Sayangnya, kata Sudaryatmo, Permen PU 392/2005 menitikberatkan SPM pada baik-buruknya penyediaan infrastruktur jalan. Padahal, di beberapa negara lain, SPM menilai seluruh aspek pelayanan di jalan tol yang meliputi infrastruktur jalan, efisiensi operasional jalan tol, laju lalu lintas di dalam tol, panjang antrean kendaraan di gerbang tol, dan waktu transaksi per kendaraan di gerbang tol.
“Aspek ini harusnya dilihat semua, bukan cuma kondisi jalan dan inflasi saja,” imbuh Sudaryatmo.“Jadi soal kenaikan tarif tol ini memang sudah tidak adil dari peraturannya, baik undang-undang, peraturan pemeirntah, sampai permen PU,” sambung Sudaryatmo.
Karena itu, Sudaryatmo melanjutkan, YLKI mendesak pemerintah dan DPR agar segera merevisi UU 38/2004 agar konsumen sebagai pengguna jalan tol mendapatkan keadilan. “Konsumen harus juga mendapat untung karena menggunakan jalan tol, jangan hanya dibebani tarif yang selalu naik tapi pelayanannya tidak diberikan,” tegas Sudaryatmo.
Tanpa adanya perubahan mendasar pada regulasi jalan tol, Sudaryatmo meyakini, maka ketidakadilan di jalan tol akan terus berlangsung dan konsumen adalah pihak yang dirugikan oleh operator.
Anggota Komisi V DPR dari Fraksi PKS, Abdul Hakim, menambahkan, dewan akan memahami keputusan pemerintah menaikkan tarif jalan tol apabila evaluasi terhadap SPM benar-benar dilakukan secara cermat.“Ini kan masalahnya SPM tidak terpenuhi, tapi tarif tetap dinaikkan,” kata Abdul Hakim.

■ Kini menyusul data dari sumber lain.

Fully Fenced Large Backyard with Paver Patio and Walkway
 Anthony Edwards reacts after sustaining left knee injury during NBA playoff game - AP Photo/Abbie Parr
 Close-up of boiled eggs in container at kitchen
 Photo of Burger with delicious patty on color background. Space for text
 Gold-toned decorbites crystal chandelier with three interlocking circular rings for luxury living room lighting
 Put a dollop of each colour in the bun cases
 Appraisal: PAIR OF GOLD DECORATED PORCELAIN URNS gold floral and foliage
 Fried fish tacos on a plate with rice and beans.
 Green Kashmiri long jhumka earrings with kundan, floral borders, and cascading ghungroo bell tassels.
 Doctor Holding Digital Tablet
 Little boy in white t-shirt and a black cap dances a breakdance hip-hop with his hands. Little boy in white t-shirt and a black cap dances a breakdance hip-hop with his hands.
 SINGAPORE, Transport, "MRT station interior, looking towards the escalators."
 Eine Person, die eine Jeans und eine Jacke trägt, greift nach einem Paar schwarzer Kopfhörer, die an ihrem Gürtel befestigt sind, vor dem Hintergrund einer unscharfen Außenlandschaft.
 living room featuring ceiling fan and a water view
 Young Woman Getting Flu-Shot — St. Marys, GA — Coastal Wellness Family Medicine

Apabila operator jalan tol tidak berhasil memenuhi SPM, lanjut Abdul Hakim, maka sebenarnya pemerintah bisa tidak mengabulkan permohonan kenaikan tarif tol yang diajukan operator.
Kepada operator, Abdul Hakim mengimbau, hendaknya tidak hanya menuntut hak penyesuaian tarif namun tidak pernah menjalankan kewajiban memberikan pelayanan yang baik kepada konsumen. “Jangan hanya menuntut hak, tapi kewajiban diabaikan.”
Ihwal kelemahan regulasi jalan, Abdul Hakim melanjutkan, DPR sudah menyerap aspirasi dari sejumlah kalangan termasuk akademisi, YLKI dan pengguna jalan tol. Karena itu, DPR mengusulkan agar UU Jalan direvisi secara terbatas dengan memperhatikan keadilan bagi konsumen.
Namun demikian, kata Abdul Hakim, pembahasan tentang revisi UU Jalan belum bisa dilakukan pada masa sidang sekarang lantaran ada prioritas revisi UU yang lain. “Masa sidang sekarang kita tidak bahas revisi UU Jalan. Sekarang Komisi V fokus pada penyelesaian revisi UU 4 Tahun 1993 tentang Perumahan Pemukiman dan Rumah Susun,” tandas Abdul Hakim.